With a bit of work, we can even extract the symbols associated to each irrep


In [ ]:
char_table = point_group.char_table()
for h in range(nirrep):
    print(f'Irrep {h} = {char_table.gamma(h).symbol()}')

# let's save the irrep labels
irrep_labels = [char_table.gamma(h).symbol() for h in range(nirrep)]

The irreps are arranged according to Cotton ordering. The product of two irredicible representations can be compute using the bitwise exclusive-OR operator (^). For example, the product of the B1g (1) and B2g (2) irreps is the B3g irrep


In [ ]:
irrep_labels[1 ^ 2]

and compute the group product table


In [ ]:
line = [f"{irrep_labels[h]:3s}" for h in range(nirrep)]
print(f"{point_group_symbol} group product table")
print(f"      {'  '.join(line)}\n")
for h1 in range(nirrep):
    line = [f"{irrep_labels[h1 ^ h2]:3s}" for h2 in range(nirrep)]
    print(f"{irrep_labels[h1]:3s}   {'  '.join(line)}")
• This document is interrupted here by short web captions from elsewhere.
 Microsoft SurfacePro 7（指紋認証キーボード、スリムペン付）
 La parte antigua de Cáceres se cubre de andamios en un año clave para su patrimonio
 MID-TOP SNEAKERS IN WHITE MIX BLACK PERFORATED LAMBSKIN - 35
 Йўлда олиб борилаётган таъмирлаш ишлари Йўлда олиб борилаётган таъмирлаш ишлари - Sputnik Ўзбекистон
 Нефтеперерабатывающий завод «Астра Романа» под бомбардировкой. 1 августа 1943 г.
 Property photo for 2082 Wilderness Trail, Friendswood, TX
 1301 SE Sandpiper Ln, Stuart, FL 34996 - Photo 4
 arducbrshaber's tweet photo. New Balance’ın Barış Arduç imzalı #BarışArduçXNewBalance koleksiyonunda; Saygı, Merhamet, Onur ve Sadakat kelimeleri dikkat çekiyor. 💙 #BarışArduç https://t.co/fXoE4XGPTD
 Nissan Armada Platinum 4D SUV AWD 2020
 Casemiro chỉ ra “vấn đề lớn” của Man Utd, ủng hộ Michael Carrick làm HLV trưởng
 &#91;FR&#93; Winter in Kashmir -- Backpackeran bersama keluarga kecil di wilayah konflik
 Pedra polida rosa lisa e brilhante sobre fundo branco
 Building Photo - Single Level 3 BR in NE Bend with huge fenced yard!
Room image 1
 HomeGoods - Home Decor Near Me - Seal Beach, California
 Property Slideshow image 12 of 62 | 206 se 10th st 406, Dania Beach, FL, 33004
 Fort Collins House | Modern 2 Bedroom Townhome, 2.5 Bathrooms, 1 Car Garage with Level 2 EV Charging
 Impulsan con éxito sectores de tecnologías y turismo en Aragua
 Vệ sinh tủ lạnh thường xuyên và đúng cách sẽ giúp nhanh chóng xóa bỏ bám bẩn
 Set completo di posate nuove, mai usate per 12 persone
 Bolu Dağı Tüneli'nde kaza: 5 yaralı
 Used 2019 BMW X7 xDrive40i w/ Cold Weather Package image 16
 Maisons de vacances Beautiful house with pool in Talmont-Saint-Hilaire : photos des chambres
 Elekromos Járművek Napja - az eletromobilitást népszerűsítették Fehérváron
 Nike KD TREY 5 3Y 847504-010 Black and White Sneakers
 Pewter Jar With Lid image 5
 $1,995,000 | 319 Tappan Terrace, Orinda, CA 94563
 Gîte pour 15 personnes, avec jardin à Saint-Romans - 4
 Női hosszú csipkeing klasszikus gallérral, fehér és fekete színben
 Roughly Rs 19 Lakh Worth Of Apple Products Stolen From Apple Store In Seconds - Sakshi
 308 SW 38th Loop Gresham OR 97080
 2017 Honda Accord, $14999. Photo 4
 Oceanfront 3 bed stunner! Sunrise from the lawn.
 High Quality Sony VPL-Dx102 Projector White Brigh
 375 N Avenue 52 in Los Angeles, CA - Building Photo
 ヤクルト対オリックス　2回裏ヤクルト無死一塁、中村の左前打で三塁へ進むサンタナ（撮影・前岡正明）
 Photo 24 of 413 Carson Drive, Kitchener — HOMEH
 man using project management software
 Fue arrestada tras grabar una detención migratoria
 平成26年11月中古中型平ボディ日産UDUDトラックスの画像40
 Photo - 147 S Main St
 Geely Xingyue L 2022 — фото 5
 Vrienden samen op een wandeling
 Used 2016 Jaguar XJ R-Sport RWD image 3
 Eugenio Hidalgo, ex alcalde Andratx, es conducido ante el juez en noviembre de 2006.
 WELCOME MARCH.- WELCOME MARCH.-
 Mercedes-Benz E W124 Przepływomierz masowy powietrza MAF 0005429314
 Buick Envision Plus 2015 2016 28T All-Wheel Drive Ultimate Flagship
Later we will need to know how the electrons are distributed in the orbitals, that is, how many orbitals are occupied in each irrep. This information is found in wfn


In [ ]:
print(f"Number of alpha electrons = {wfn.nalpha()}")
print(f"Number of beta electrons = {wfn.nbeta()}")

In [ ]:
print(f"Number of alpha electrons in each irreducible representation = {wfn.nalphapi().to_tuple()}")
print(f"Number of beta electrons in each irreducible representation = {wfn.nbetapi().to_tuple()}")

Excercises

  • Copy this notebook and modify the input to run a computation on water triplet in a linear symmetric geometry. After running the SCF procedure use the orbital occupation numbers (stored in wfn.nalphapi()/wfn.nbetapi()) to compute the symmetry of the final state ($\Gamma_\mathrm{tot}$). You can evaluate this property by computing the product of all the irreps of the occupied orbitals as $$ \Gamma_\mathrm{tot} = \prod_i^\mathrm{occ} \Gamma_i, $$ where $\Gamma_i$ is the irrep of occupied orbital $\phi_i$.
  • Repeate the computation above for the quartet state of water cation.

Appendix. Psi4 Conventions for orbitals, electrons, and bases

Orbital Dimensions

There are a number of different names used to refer to the basis set size. These may seem redundant, but they have subtly different meanings, as detailed below.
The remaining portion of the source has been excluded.